Sell did need a reminder during the season, however. Randy Kalbus, her first coach at Burlingame Aquatic Club and longtime water polo fixture on the Peninsula, was serving as a referee during the Aragon-Burlingame match. After the Dons rallied for a 12-9 win, one in which Sell scored nine times, Kalbus scolded Sell.

“He lectured Maria and told her she doesn’t shoot enough,” Steve Sell said.

It was just a reminder that the team’s success was predicated on Sell’s success and that was the mantra on both ends of the pool. As good a scorer Sell is, she is equally adept on defense. She led the team in steals with 68 and it was not uncommon to see Sell purposely trail the play before picking the pocket of the unsuspecting opponent.

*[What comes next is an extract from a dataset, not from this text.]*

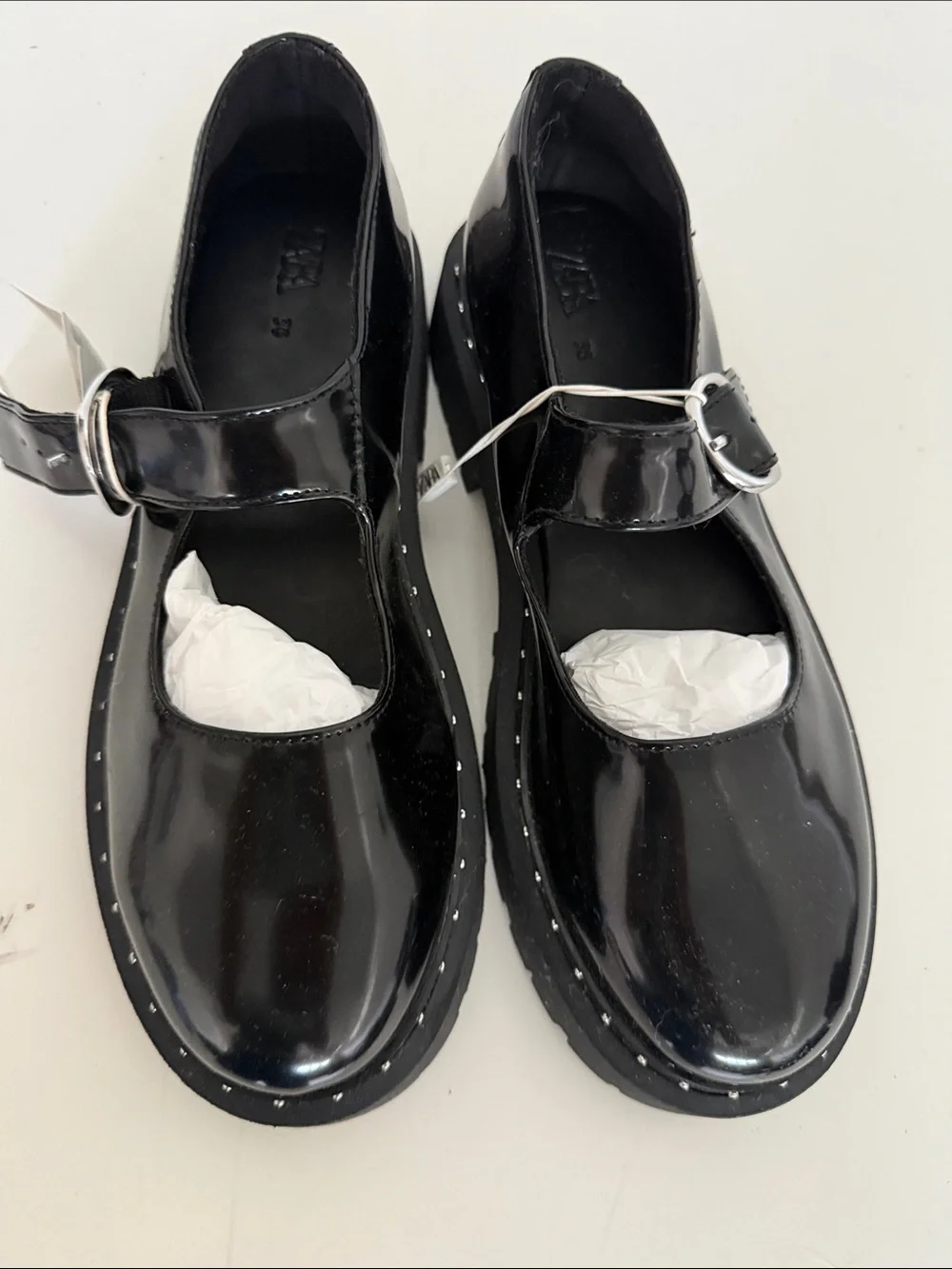 Zara Girls Black Patent Mary Jane Shoes with Buckle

But Sell was about more than just thievery. She would do what was necessary to not only stop the opposition, but also to be the first option offensively. Whether it was on a fast break or she brought the ball up herself, she had to be mentally prepared to go from defense to offense in the blink of an eye.

“I would mostly play perimeter defense, but I was always confident to drop back and help the ‘D’ throughout the season,” Sell said.

When she did drop deeper into the defensive end, it did stagnate the Dons’ offense a bit, which was the main issue with that season-opening loss to S.I. After getting the ball back on a Flynn block or a turnover, it took so long for the Dons to get into their offense, they were always racing the shot clock. As the season went along, Sell would bring the ball up and make the decision to shoot or pass.

You can probably guess which option she chose more often than not.

“My dad always said, ‘Shooters shoot,’” Sell said.